But they weren’t Kiwanians.
They were the daughters, jaunting along to help dad’s club deliver hot meals and compassion’s warmth to lonely, elderly shut-ins. They were daughters who wanted to have a heart as big as their fathers’—to make a difference.
But they weren’t Kiwanians.
Until July 7, 1987—the day delegates at the 72nd Kiwanis International Convention in Washington, DC, voted overwhelmingly to allow women into membership.
Twenty years have passed since that historic decision. And while women are still acting as club secretaries, baking cakes for Christmas parties, and joining their dads in service projects, they’re also heading committees, running lucrative club fundraisers, and paving the way as presidents, district governors, and International-level leaders. To borrow an old ad slogan, when it comes to female members: Kiwanis, you’ve come a long way, baby.

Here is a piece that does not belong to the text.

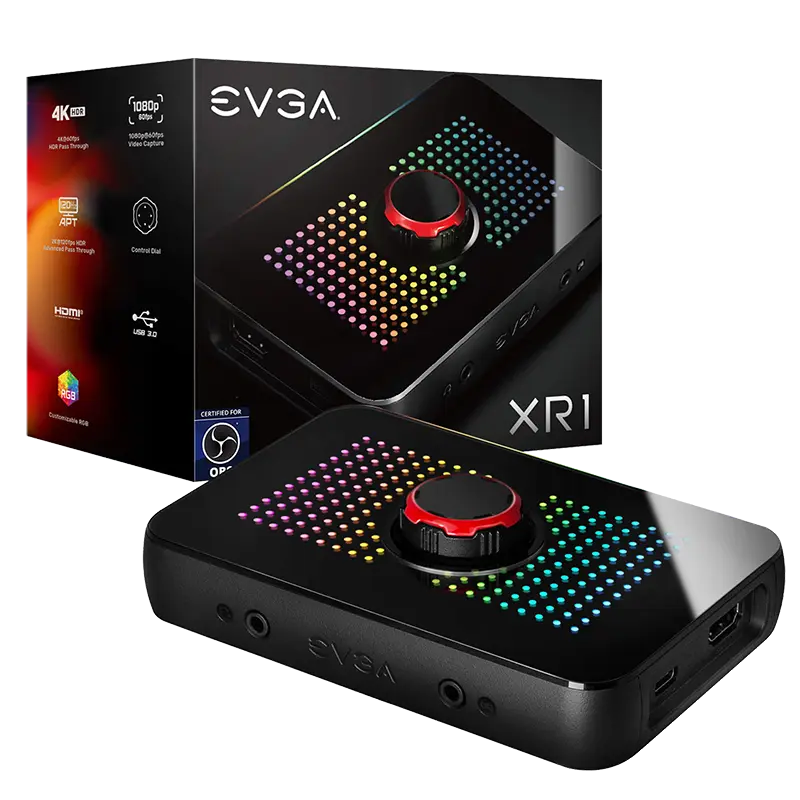 Capturadora EVGA XR1 RGB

Of course in 1915, when Kiwanis opened its doors as a men’s business networking organization, well, that’s just the way things were. Gender roles still were strictly divided and specific. And with the occasional exception of a Marie Curie or Virginia Woolf, mostly unwritten—yet often implied—gender “rules” extended to the home, office, and beyond. In 1915, it would have been just as rare to see a man balancing a baby on his hip and whipping up a homemade apple pie as it would have been to see a woman going toe to toe with male business colleagues in the boardroom. The concept of a gender-specific club wasn’t unique to Kiwanis, and in those days, 90-some years ago, inviting women to join simply was not an issue.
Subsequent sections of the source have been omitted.